[Search for users] [Overall Top Noters] [List of all Conferences] [Download this site]

Conference azur::mcc

Title:DECmcc user notes file. Does not replace IPMT.
Notice:Use IPMT for problems. Newsletter location in note 6187
Moderator:TAEC::BEROUD
Created:Mon Aug 21 1989
Last Modified:Wed Jun 04 1997
Last Successful Update:Fri Jun 06 1997
Number of topics:6497
Total number of notes:27359

839.0. "event notification on iconic map" by MFRNW1::SCHUSTER (Karl Schuster @MFR Network Services) Mon Mar 25 1991 11:49

    I ask this question, because documentation is not very clear to me:
    
    I would like to use the event 4.18 (adjacency down) to change the
    colour of systems which are no longer reachable.
    
    I set up eventlogging for MCC (MCC_STARTUP_DNA4_EVL.COM), and I get
    4.18 events delivered on my mcc-node.
    My alarm rule expression is the following:
        expression=(occurs(node4 <mcc-node> circuit sva-0 adjacent node *
        adjacency down))
    What happens on the map is the following: the system which reports
    the event (<mcc-node>) turns red, but not the adjacent node which is
    no longer reachable.
    
    Is this the intented behaviour of MCC event notification ? 
    
    Regards, Karl
T.RTitleUserPersonal
Name
DateLines
839.1BEAGLE::WLODEKNetwork pathologist.Mon Mar 25 1991 15:1811
    Karl,

    I can't comment on MCC command, but it is better to use Reachability
    Change event to change the state of the node rather then adjacency 
    event.
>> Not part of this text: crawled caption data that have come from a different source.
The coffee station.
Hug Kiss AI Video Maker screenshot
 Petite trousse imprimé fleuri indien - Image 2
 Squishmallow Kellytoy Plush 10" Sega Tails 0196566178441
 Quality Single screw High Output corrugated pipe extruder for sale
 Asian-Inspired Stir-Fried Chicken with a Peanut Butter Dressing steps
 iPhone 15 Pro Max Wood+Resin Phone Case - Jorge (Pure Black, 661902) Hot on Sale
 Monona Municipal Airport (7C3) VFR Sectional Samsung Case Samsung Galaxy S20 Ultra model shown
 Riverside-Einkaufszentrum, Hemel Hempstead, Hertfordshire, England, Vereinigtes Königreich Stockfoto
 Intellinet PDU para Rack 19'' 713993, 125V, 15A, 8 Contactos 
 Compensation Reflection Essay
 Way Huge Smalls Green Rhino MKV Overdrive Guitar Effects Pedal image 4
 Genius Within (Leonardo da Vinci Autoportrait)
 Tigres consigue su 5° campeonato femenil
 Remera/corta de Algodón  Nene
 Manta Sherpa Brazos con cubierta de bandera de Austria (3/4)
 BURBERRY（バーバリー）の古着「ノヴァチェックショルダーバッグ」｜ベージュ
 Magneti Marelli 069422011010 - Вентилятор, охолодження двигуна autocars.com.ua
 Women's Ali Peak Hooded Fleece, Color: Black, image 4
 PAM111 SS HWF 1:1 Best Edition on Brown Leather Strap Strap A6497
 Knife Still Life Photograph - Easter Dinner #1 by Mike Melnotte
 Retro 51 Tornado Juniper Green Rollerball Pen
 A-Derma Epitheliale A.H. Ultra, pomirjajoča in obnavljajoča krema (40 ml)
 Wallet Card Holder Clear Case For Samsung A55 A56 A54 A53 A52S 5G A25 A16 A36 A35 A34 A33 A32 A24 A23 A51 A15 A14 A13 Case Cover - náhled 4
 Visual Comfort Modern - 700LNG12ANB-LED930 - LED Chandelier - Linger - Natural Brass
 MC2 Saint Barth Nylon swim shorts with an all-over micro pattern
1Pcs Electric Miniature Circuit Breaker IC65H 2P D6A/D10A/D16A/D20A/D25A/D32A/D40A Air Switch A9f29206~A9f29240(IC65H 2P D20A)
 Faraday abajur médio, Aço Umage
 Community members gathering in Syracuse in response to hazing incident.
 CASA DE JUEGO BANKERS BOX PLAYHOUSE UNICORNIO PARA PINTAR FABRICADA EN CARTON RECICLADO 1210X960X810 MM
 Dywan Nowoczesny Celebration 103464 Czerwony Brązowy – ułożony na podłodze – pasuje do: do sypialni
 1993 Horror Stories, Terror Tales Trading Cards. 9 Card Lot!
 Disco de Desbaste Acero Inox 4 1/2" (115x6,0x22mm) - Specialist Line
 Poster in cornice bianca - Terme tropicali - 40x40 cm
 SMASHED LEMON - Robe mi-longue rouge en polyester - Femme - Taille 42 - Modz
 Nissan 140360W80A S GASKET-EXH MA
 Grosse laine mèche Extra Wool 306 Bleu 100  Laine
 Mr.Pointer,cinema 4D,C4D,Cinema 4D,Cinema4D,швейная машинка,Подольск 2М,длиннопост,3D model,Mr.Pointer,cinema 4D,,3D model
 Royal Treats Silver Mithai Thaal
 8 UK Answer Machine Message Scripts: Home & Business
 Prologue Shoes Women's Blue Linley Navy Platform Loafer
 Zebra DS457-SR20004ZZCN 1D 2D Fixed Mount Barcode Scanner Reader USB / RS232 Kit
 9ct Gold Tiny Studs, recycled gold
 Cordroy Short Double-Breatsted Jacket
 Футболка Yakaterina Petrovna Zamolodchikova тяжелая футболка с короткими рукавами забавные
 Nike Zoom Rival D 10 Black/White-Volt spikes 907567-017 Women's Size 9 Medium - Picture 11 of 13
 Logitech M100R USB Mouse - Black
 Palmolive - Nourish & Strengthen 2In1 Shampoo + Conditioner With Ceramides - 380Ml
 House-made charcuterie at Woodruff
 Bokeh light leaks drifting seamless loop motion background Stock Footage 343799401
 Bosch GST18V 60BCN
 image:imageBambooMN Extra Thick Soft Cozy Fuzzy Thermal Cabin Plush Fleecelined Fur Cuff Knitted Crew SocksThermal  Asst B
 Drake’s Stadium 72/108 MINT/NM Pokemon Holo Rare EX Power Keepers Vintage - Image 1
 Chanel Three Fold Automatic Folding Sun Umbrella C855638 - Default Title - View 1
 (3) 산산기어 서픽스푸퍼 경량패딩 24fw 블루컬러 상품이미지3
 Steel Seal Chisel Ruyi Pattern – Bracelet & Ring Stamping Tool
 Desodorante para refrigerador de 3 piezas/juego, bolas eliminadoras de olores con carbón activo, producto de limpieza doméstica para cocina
Adjacency event means only that the routing initialization completed,
    not that one can actually communicate with the remote system. 
    In many cases one can lose adjacency but remote node will be still
    reachable because there are alternative paths.

    				wlodek
839.2events generated on children apply to their parentsTOOK::DITMARSPeteMon Mar 25 1991 16:1314
Hi,

This is the way things are supposed to work from an architecture point of
view i.e. the alarm rule was defined on a particular child entity of a global
entity, so when the rule fires the iconic map color change is associated with 
that child entity of the global entity.  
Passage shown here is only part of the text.